Putting Medical Science Under the Microscope, Part 3
The problem is that there is positive bias in the medication development process. In other words, the process of inventing and testing a new medication, from basic research to final FDA approval, is skewed in favor of proving a medication works.
Here are a few examples how this positive bias affects the medications which are produced.
#1. Researchers aren’t required to report the results of every study they do on prospective new medications. And so they don’t. If a trial shows a medication doesn’t work, they don’t disclose the results. As long as a pharmaceutical company produces evidence that a medication does work, it can get approval for the medication, even if they have conducted tests which show the opposite results.
#2. When researchers develop and test new medications, they specifically choose outcomes which are most likely to prove the medication works. In the case of chronic diseases which develop over years, where it will take months or years to see improvement with medication, researchers can choose to monitor for an outcome which can be measured more quickly and easily than waiting years for research to be finalized.
Here’s a completely hypothetical example to demonstrate this phenomenon. Let’s say a pharmaceutical company is testing a medication which, if taken daily, has the potential to prevent death from having a stroke. However, though strokes are devastating and a common cause of death, the risk of any individual person dying from a stroke is relatively low — roughly 4 people out of every 10,000 die from strokes each year in the United States. Which means that tens of thousands of people would need to be tested, potentially for a year or longer, to see if the medication is helpful. A clinical trial of this size is prohibitively expensive and complicated.
Instead the pharmaceutical company can choose a proxy outcome to measure. Let’s say, again hypothetically, that people who have died of strokes have high levels of neurotransmitter X (a completely made-up molecule) in their blood. If the new medication lowers the levels of neurotransmitter X, a change which can be measured more easily, the medication can be approved without specific proof that it lowers risk of dying from a stroke. Of course, advertising for the medication can’t specifically claim that the medication lowers the risk of dying from stroke, but advertising can imply the link between high levels of neurotransmitter X and dying of a stroke as well as suggesting the benefits of lowering neurotransmitter X.
I will be the first to admit that this example is simplistic, but it does demonstrate how researchers can pick and choose how to do experiments in order to get the results they want.
#3. Researchers and pharmaceutical companies don’t report always the adverse events they encounter in a clinical trial. People who have volunteered to be subjects in pharmaceutical research can’t and don’t always complete the studies. Sometimes people drop out for reasons which have nothing to do with the study, but when they drop out because of toxicity or other side effects, the information isn’t consistently reported.
#4. The average number of people who are given a medication in pre-approval studies is 1,500, which is a small number of people when you consider that many medications target conditions affecting millions of people. A cohort size of 1,500 people is sufficient to prove that a medication works, but it isn’t large enough to detect and fully catalog the potential side effects of medications. For example, if one out of every 5,000 people will get a severe reaction to the new medication, researchers are unlikely to detect this reaction if the medication is tested on a fraction of that number. But when the medication is prescribed to one million people, 200 people could have a severe reaction.

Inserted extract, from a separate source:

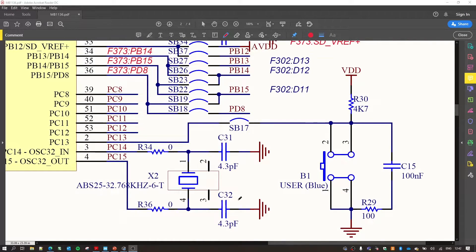There are two things we will have to look into: the things happening outside the microcontroller on your Nucleo board — basically the circuit around the push button — and the things happening inside the microcontroller. I have the Nucleo schematic open and as you can see on the right we have the user blue B1 push button, which is a momentary push button. The digital input is connected to PC13 — port C, pin 13 — and that goes across a zero-ohm jumper SP17 which has already been soldered on.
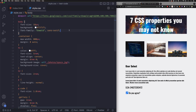Hey, hope you're doing well. My name is Jay and in this video we're going to learn about seven CSS properties you may not know. The first one we're going to start with is object-fit.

#5. Clinical trials are designed to limit the types of people who are treated so that the effects of the new medication can be studied in isolation. In selecting subjects for clinical trials, people with other chronic illnesses or who are on other medications are typically excluded from being in a trial. However, when a new medication is released, it is frequently used in a much broader range of patients, often with much more complicated health situations. How the medication works in a person on other medications or with several diagnoses isn’t discovered during the medication testing process.
#6. Researchers are required to show that the effects of a potential medication are statistically significant, meaning that the results do not occur by chance. The concept of statistical significance is fundamental to scientific research. However, just because a medication meets the criteria of statistical significance doesn’t mean it make a real difference in a person’s health. There are scores of medications which, if you analyze the data, produce very small changes.
Here’s an example: The FDA recently approved a new ointment to treat atopic dermatitis (eczema). In order to receive the approval, the pharmaceutical company performed two trials. In the one of the trials, the new medication was a mere 13% better than inactive placebo and in the other trial it did about half as well, giving just 7% improvement. And in both trials, fewer than 1/3 of the patients got better at all, even with the medication. Statistically, the medication works, but for practical purposes 7% or 13% improvement doesn’t make much difference.
We are bombarded with news about medical breakthroughs and with marketing messages touting the benefits of new medications. There is no doubt that these treatments benefit many people. But there are enough pitfalls and potential loopholes in the process of medication research and approval that we shouldn’t trust any medication — no matter how new or promising it seems — to completely eradicate disease and to be completely safe. We need to be aware of the limitations of the medication approval process and the ways in which data about new medications can be manipulated to show good outcomes.
When it comes to medications, especially the latest, greatest wonder drug, we need to be savvy customers. After all, our health depends on it.